▶ [Exercise aim]
Below are entries; copy exactly, and only, the lines from the one containing "2016 Chevrolet Silverado" through their final line, leaving out pictures.

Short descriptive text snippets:
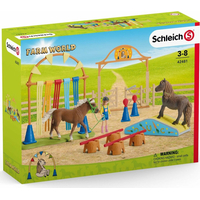 SCHLEICH Farm world® 42481 Trénink v agility pro pony
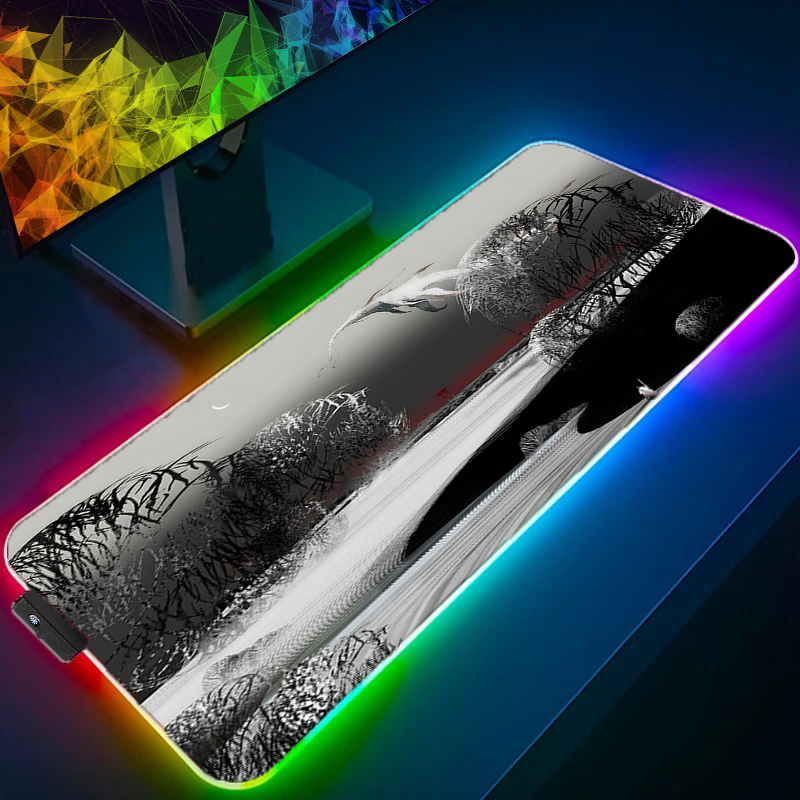 Podkładka pod mysz LED RGB, ró – Mouse Pad Extended Rgb recenzja i cena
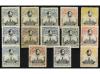 **/*/º ESPAÑA. Ed. 297/309. SERIE COMPLETA, 13 valores. Cent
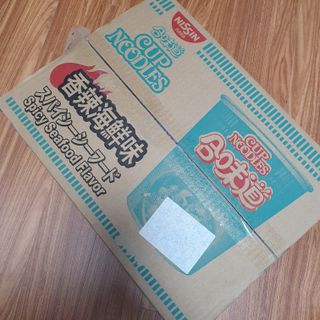NISSIN 닛신 컵누들  4종 - 씨푸드오리지날, 씨푸드 스파이시, 씨푸드 커리, 씨푸드 XO소스 — 4점을 준 리뷰어가 2021년 11월 올린 사용 사진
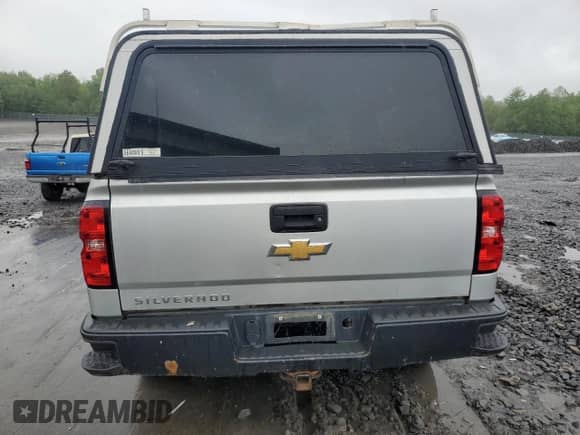 2016 Chevrolet Silverado 1500 Work Truck with VIN 1GCVKNEHXGZ133415, listed as a Copart auction lot 58200525 with 124,341 mi miles and Clean title. Bid and sale history available at DreamBid. Image 6.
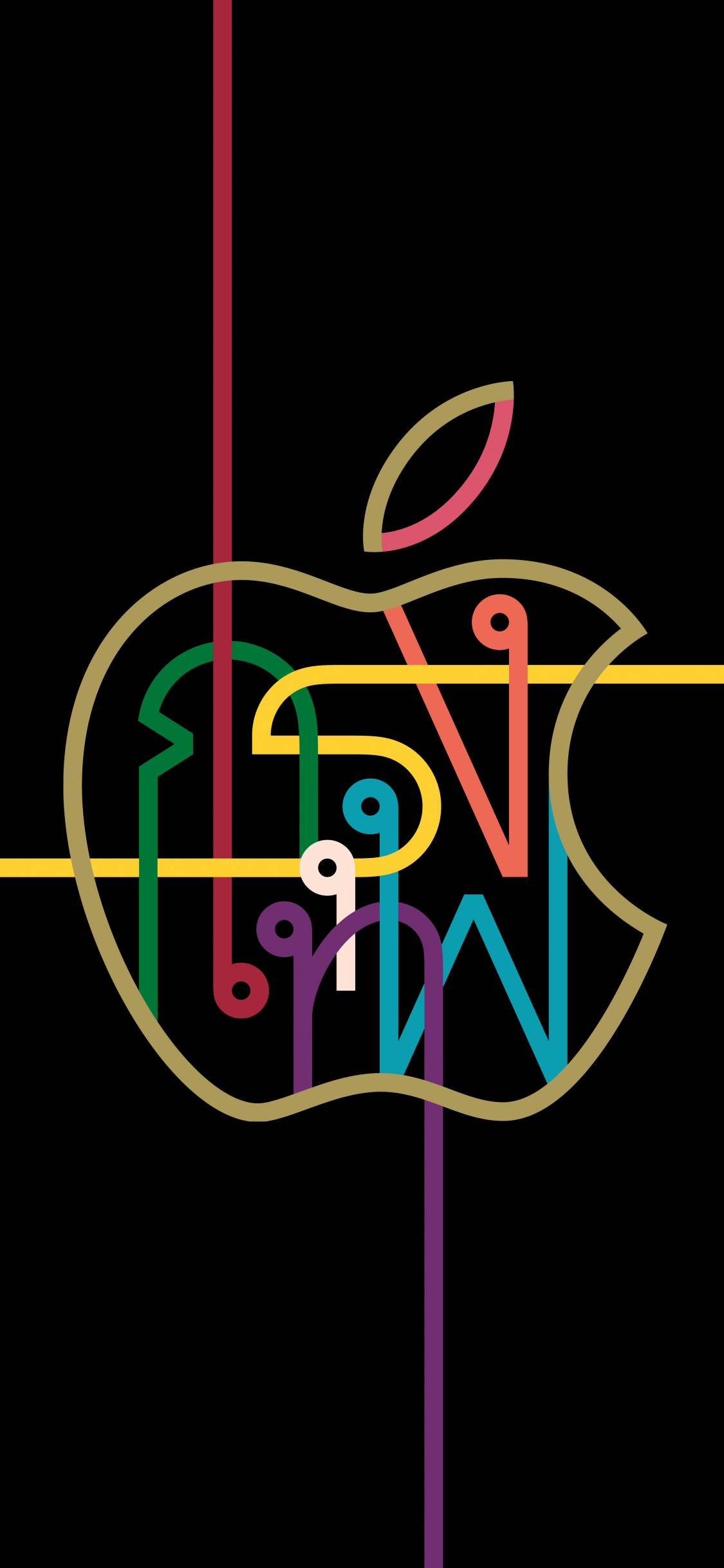 Apple, IMac, 10k, le Monde Central, Monde Central Pomme. Wallpaper in 1125x2436 Resolution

▶ [Your response]
 2016 Chevrolet Silverado 1500 Work Truck with VIN 1GCVKNEHXGZ133415, listed as a Copart auction lot 58200525 with 124,341 mi miles and Clean title. Bid and sale history available at DreamBid. Image 6.
 Apple, IMac, 10k, le Monde Central, Monde Central Pomme. Wallpaper in 1125x2436 Resolution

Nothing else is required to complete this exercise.